As to VEA’s statement that the project will rely on the donation from the utility, Sutton said this was never in question before. “Since our first presentation back in January, we’ve been candid about the fact that our proposal would rely almost entirely on VEA’s $5 million contribution for construction and thereafter, the county would use its resources for maintenance and operations. If this was a deal breaker, again, I’m not sure why we weren’t informed sooner.”

On the topic of support for the project by VEA’s member-owners, Sutton said he was not sure how this was determined, as the community center project was one of the big-ticket items that VEA used as an incentive for its member-owners to vote in favor of selling its 230-kilovolt transmission line, a sale that could not have gone through without the approval of its member-owners.

“This project began when VEA publicly and repeatedly promised various incentives to its members in exchange for their affirmative vote on the proposed sale of the 230-kv transmission line to GridLiance. The requisite 66.6% of votes were obtained, the safe was effectuated and VEA made good on its pledge to pay cash premiums to its members and roll back the 9.9% rate increases that were in effect at the time,” Sutton wrote. “However, the contribution toward the community center remains unfulfilled.”

At this time, it is unknown whether VEA’s rejection of Nye County’s proposal means the utility will seek out another entity to champion the promised project or if the community center idea is entirely dead in the water.

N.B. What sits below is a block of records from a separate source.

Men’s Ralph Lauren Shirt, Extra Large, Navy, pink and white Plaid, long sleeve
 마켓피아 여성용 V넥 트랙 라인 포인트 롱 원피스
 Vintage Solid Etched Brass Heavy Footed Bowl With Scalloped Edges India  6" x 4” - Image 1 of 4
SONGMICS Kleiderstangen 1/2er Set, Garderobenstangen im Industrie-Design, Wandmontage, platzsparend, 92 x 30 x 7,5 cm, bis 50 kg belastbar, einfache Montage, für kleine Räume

A request for clarification on this point, as well as additional comment on the matter, was sent to VEA by the Pahrump Valley Times on Monday, Aug. 31 but a response had not been received as of press deadline.

Sutton noted that he too desired clarification and would be reaching out to VEA as well. In the meantime, Sutton said he felt that if VEA backed out entirely, that would constitute a classic bait and switch. Sutton would hardly be the only one in Nye County to be extremely disappointed if that proves to be the case.

“Denying the county’s project is one thing but reneging on their offer altogether is another,” Sutton told the Pahrump Valley Times when reached for comment on Wednesday, Sept. 2.

Sutton said though he “vehemently disagrees” with VEA’s reason for rejection, he understood that there was no guarantee that the county’s proposal would be approved. Still, that did not mean the conversation was at an end.

“If the county’s proposal was unacceptable and there are no other viable contenders, then the money and land should be donated to the community for a comparable purpose,” Sutton asserted. “Alternatively, VEA should produce evidence, (poll, survey, etc.) that a majority of its members no longer want a community center. Either way, Valley should not be allowed to simply walk away from this commitment to our community. A promise is a promise.”